## Exercise directions
For each line below that contains the string "with", copy that line.

## Available records
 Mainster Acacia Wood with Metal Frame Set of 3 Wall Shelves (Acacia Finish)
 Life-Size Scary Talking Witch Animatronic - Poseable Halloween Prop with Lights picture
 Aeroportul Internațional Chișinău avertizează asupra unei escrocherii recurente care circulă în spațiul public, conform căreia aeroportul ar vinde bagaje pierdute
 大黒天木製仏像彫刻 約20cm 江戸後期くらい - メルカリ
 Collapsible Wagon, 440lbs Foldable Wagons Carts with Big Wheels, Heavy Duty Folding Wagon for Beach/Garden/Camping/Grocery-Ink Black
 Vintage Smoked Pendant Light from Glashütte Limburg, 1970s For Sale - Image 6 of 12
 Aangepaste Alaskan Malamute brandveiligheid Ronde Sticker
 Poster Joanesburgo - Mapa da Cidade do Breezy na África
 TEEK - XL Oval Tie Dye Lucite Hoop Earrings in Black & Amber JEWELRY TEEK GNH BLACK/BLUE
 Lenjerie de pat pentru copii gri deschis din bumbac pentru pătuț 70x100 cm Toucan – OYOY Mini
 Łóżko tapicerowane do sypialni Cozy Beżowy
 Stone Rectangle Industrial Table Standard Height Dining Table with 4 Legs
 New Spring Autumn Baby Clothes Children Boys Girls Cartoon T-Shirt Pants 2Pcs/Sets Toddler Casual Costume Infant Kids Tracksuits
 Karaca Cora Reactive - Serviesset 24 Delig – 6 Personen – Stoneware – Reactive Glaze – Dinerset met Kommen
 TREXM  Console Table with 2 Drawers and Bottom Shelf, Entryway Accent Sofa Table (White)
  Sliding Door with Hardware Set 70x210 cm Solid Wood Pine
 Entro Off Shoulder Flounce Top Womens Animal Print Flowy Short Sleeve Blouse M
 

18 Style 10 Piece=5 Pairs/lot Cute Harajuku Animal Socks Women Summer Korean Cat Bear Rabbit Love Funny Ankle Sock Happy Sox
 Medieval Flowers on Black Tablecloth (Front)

## Task answer
 Mainster Acacia Wood with Metal Frame Set of 3 Wall Shelves (Acacia Finish)
 Life-Size Scary Talking Witch Animatronic - Poseable Halloween Prop with Lights picture
 Collapsible Wagon, 440lbs Foldable Wagons Carts with Big Wheels, Heavy Duty Folding Wagon for Beach/Garden/Camping/Grocery-Ink Black
 Stone Rectangle Industrial Table Standard Height Dining Table with 4 Legs
 TREXM  Console Table with 2 Drawers and Bottom Shelf, Entryway Accent Sofa Table (White)
  Sliding Door with Hardware Set 70x210 cm Solid Wood Pine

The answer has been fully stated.